3.2. Ottengraf’s Model

The concentration profiles along the bed height were analyzed using Ottengraf’s model, without nitrate concentration limitations, for H₂S IL values between 33 and 176 gS·m⁻³·h⁻¹ and TLV values between 5.09 and 15.27 m·h⁻¹. The linear adjustments are provided in

Table 4. Adjustments using Ottengraf’s model.

IL (gS·m−3·h−1)	TLV (m·h−1)	Zero-Order Diffusion		Zero-Order Kinetic		First-Order Kinetic
		r2	k (s−1)	r2	k (s−1)	r2	k (s−1)
36	5.09	0.62	0.0018	0.3	0.012	0.95	0.008
35	10.18	0.57	0.0018	0.26	0.012	0.92	0.0087
33	15.27	0.52	0.0018	0.22	0.011	0.93	0.0092
130	5.09	0.95	0.0011	0.94	0.011	0.93	0.0031
108	10.18	0.91	0.0012	0.82	0.01	0.93	0.0036
104	15.27	0.93	0.0014	0.77	0.01	0.96	0.0057
170	5.09	0.97	0.0009	0.96	0.0079	0.96	0.0025
176	10.18	0.88	0.001	0.79	0.0091	0.93	0.0029
167	15.27	0.86	0.0011	0.74	0.0092	0.95	0.0034

according to the following simplifications: controlled by zero-order diffusion, zero-order kinetic and first-order kinetic. The behavior of the concentration profile for 5.09 m·h⁻¹ and 130 and 170 gS·m⁻³·h⁻¹ could be explained using a zero-order simplification for diffusion or kinetic. However, for all other conditions the first-order kinetic simplification can be applied. The kinetic constant was in the range between 0.0025 and 0.0092 s⁻¹.

To our knowledge, Ottengraf’s model has not be applied to biogas desulfurization, although studies on H₂S removal from air have been modeled using Ottengraf’s model [30,31,32,33].

Jin et al. [32] found that the zero-order kinetic limitation described the outlet H₂S concentration (TLV of 0.62 m·h⁻¹ and a maximum H₂S IL around 30 gS·m⁻³·h⁻¹). Oyarzún et al. [30] applied zero-order diffusion equations for an inlet H₂S concentration below Ks (Monod saturation constant) and zero-order kinetic equation and inlet concentration above Ks. The microbial kinetic of the biotrickling filter presented in this work can be described by a Haldane model [15], with an affinity constant for sulfide (Ks) of 8.4 gS·m⁻³ and a gas concentration in equilibrium of 1.28 gS·m⁻³. This concentration is considerably lower than the minimum inlet concentration employed in this work (5.55 gS·m⁻³). Therefore, the study was carried out at an inlet H₂S concentration higher than Ks with a first-order kinetic as obtained by Oyarzún et al. [30].

4. Conclusions

The influence of the nitrate concentration was dependent on TLV and H₂S IL, with its influence increasing for lower TLV and higher H₂S IL. The empirical models obtained by the response surface methodology for the factorial design of three factors at three levels (3³) were able to predict the outlet H₂S concentration and the EC with a R-squared of 95.77% and 99.63% without autocorrelation.

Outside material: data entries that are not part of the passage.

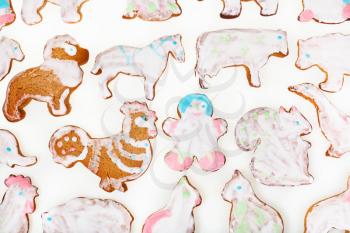 homemade Xmas festive glazed gingerbread cookie - different figure cookies on white background
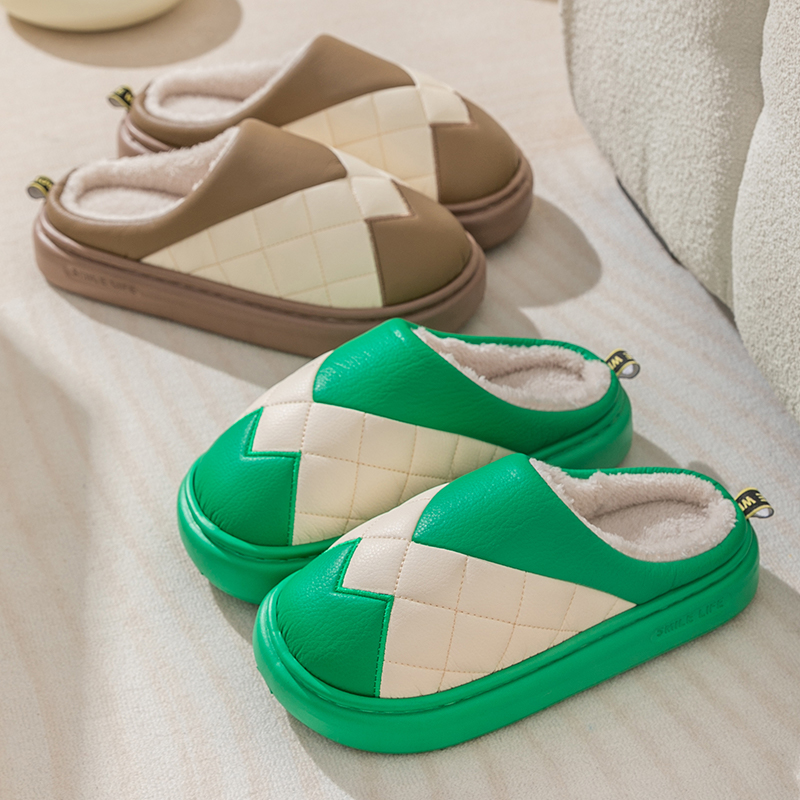 2025年新款防水PU皮棉拖鞋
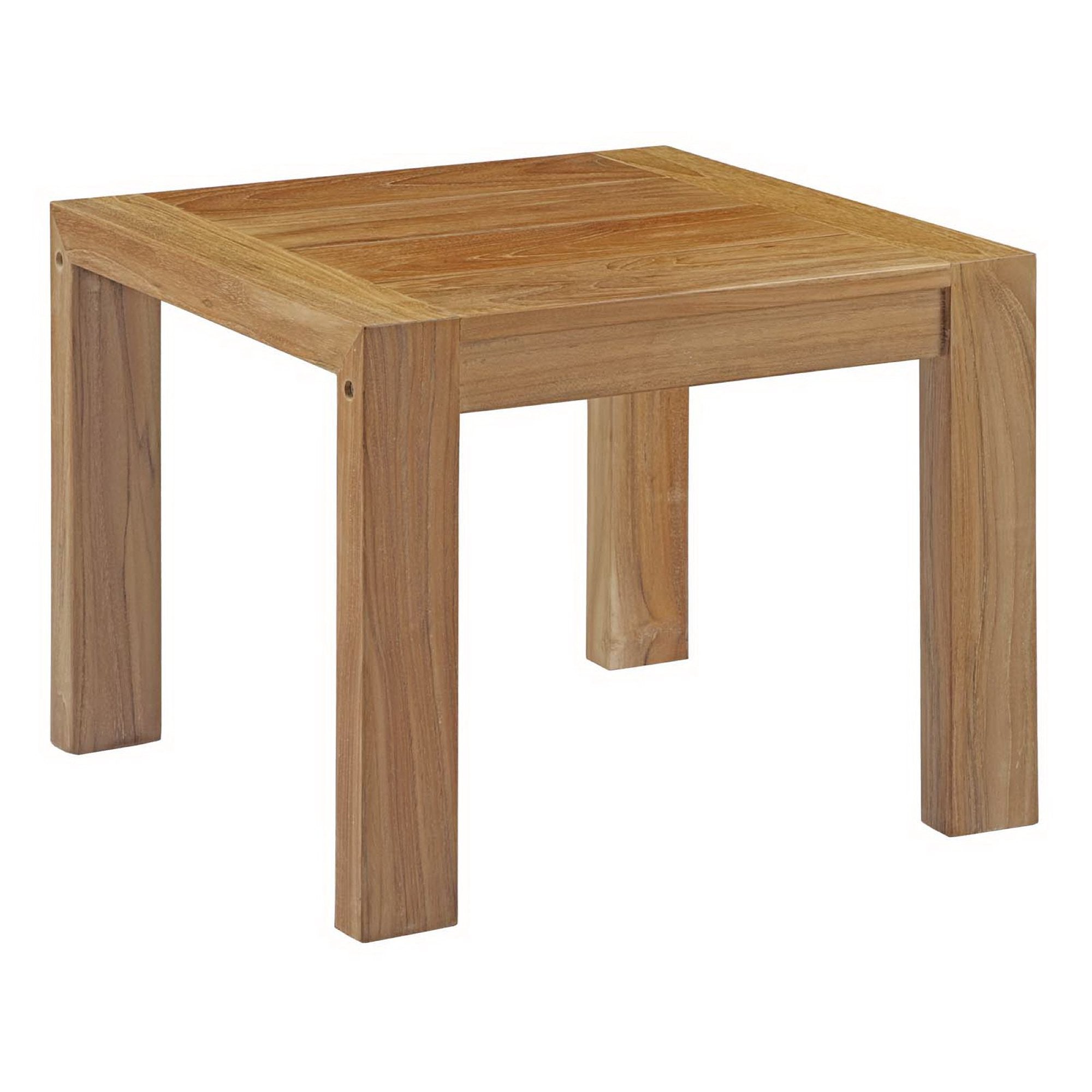 Upland 3 Piece Outdoor Patio Teak Set - Natural White (2 Armchairs, Side Table)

The most influential factors on the outlet H₂S concentration and EC were the H₂S IL and TLV, with the nitrate concentration being less significant. For biogas use in a CHP system the maximum H₂S IL should be between 66.72 and 119.75 gS·m⁻³·h⁻¹ (TLV of 15.27 m·h⁻¹ and nitrate concentration of 35.5 mgN-NO₃⁻·L⁻¹). Moreover, Ottengraf’s model was applied successfully considering a first-order kinetic limitation simplification with an R-squared above 0.92.